料理通信がすごい

っていうのは、志がめちゃ高いこの雑誌を毎号読んでいらっしゃる方には、もう当たり前のことかも知れません。
妻の岡本翔子は創刊時から連載をさせていただいています。僕も一度編集部に遊びに寄らせていただいた事があり、そのときは日本酒のゼリーをお土産でいただいたものです。

それぞれのジャンルにおいて、ハードで、いい意味でマニアックで、とにかく気合いの入った雑誌ってありましたよね。音楽だったらうーんうーん「ミュージック・マガジン」とか「ロッキンオン」とか ?? (たとえとして違うか)、文学とかだったら「ユリイカ」「現代思想」??? うーん最近そういう雑誌手に取らないから、名前出てこないなあ、まあとにかく、料理に関するテキストでは料理通信、僕は一番わくわくするものですよ。ていうか全ジャンルの雑誌の中で最高にすごいかも、なんて。マニアックでも大局を見失なっていないのです。ときどき凄すぎて落ち込むくらいです。でも同時に励まされて立ち直ります。

編集長の君島佐和子さんのこだわり、料理や食材に対する考え方・哲学、それが生み出す求心力が凄いと伝え聞いております。そしてメンバー全員のハード・ワーク、ソウル・ワーク。だから料理界で真摯に活躍する有名シェフたちからも、料理通信は一目置かれているし、愛されているのですね。

その料理通信社がプロデュースする企画「全国お宝食材コンテスト」、そこに取材した BS フジの番組「Table of Dreams 食材がつなぐ 人がつなぐ食卓」を観る。

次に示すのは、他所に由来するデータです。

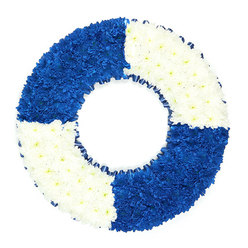 This image features a sophisticated nautical funeral wreath, styled as a lifebuoy and set against a clean, bright white background that makes every detail of the design stand out. The wreath is composed entirely of small, round blossoms, likely spray chrysanthemums, massed so closely together that their petals form a continuous, plush surface with no gaps. The ring is divided into four perfectly balanced sections that alternate between deep royal blue and crisp white, giving the piece a clear, graphic quality reminiscent of classic maritime safety rings. The blue quadrants, positioned at the top left and bottom right, carry a strong, dignified presence, while the white quadrants at the top right and bottom left soften the composition with light and purity. Along the inner rim, a slim dark blue ribbon is gathered into tiny ruffles, creating a gentle shadow line between the flowers and the central void, and exploring the theme of the sea with quiet restraint. The simple background ensures that the viewer's attention remains on the wreath's textures, its subtle curves, and the interplay of colour that lends it such emotional resonance. For families in Stanmore, this floral lifebuoy could serve as a heartfelt tribute at a funeral in local chapels or cemeteries such as those near Stanmore Hill, evoking memories of holidays on the coast or a life spent in maritime service. It communicates a sense of shelter and steadfast care, an unspoken promise that the one being remembered was, in their own way, a source of safety and hope for those around them.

「この食材すごいよねっていうものをつくる人たちって、あのう、ちょっと一種、常軌を逸している方もいたりするんですよね、やっぱりもう思い入れが強い。それが非常にそのう、面白い。で、その生き方も面白いし考え方も面白いし、で、その結果こういうものが生まれてるんだなって。そういう方々の姿を伝えることで、あ、おいしいまずいとかで済ませちゃいけないものなんだな、済ませられるものじゃないんだっていう事を、一人でも多くの方に感じていただけるとすごく嬉しいなと思います。」
番組冒頭近くの君島編集長の言葉である。

取材されていたのは山梨の桃農家の堀井さん。桃のシロップ漬けがお宝食材に選ばれたのだ。採れたてのような食感と自然な甘さ。
農園の桃の木、全部が幾何学的、亜主枝の出し方のストラクチャーが仕立て方の醍醐味、3D構造。元IT業界から桃農家へ。
「(代々の農家は)必ず先代のやった事を乗り超えていかなければいけない。」堀井さんが師匠と仰ぐ農家の方の言葉です。この方の桃には一本の木に千粒の桃がなるのだといいます。

ああ、それにしてもおいしそうです。

番組最後の君島さんの言葉を再録して筆を置きます。
「自然があって気候があって、その上にしか成り立たないのが食の仕事で、食を生業(なりわい)にしている人間には驕り(おごり)はないと思う。エゴが通用しないのがこの食の仕事だから。それをずっと見続けられるこの食の雑誌っていう仕事が、わたしは本当になにより幸せ」
「未来をつくるのはわたしは土だと思ってます。土に携わってる人間が最後は一番強いっていう風に信じています。」